In 1987, Laurie Brereton announced the Department of Main Roads abandoned a number of proposed freeways, link roads and road widenings. This included the abandoning of the "Johnstons Creek route" planning scheme reservation between The Crescent, Rozelle and Parramatta Road, Annandale.

In 2004 and 2005 residents and groups including EcoTransit stopped an extension to the F6 (which they named the "Johnston's Creek Extension") which would have run from Anzac Bridge, through Newtown to Randwick. Michelle Zeibots launched a campaign and distributed 100,000 newsletters, though route plans were not public. Mary Jane Gleeson located one email exchange between members of the Roads & Traffic Authority referring to construction.

As of 2005, constructed segments included part of Bourke Road (Mascot), between O’Riordan Street and Coward Street (1988) and between Coward Street and Gardeners Road (1999).

Subsequently, most of the Johnstons Creek Route corridor was removed in March 2006, but not all of it.
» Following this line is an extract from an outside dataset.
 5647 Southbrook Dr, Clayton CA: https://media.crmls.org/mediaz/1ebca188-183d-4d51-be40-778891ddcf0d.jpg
The Inner West Bypass (or Inner-West Motorway) proposal roughly followed the route of the "Johnston's Creek Extension Road".

===Beaches Link===

The Beaches Link was a proposed underground motorway scheme in Sydney, New South Wales, Australia. It was proposed to consist of a series of motorway tunnels running north-south between Burnt Bridge Creek Deviation at Balgowlah and the Warringah Freeway at Cammeray, providing direct access from the Northern Beaches to the Sydney central business district.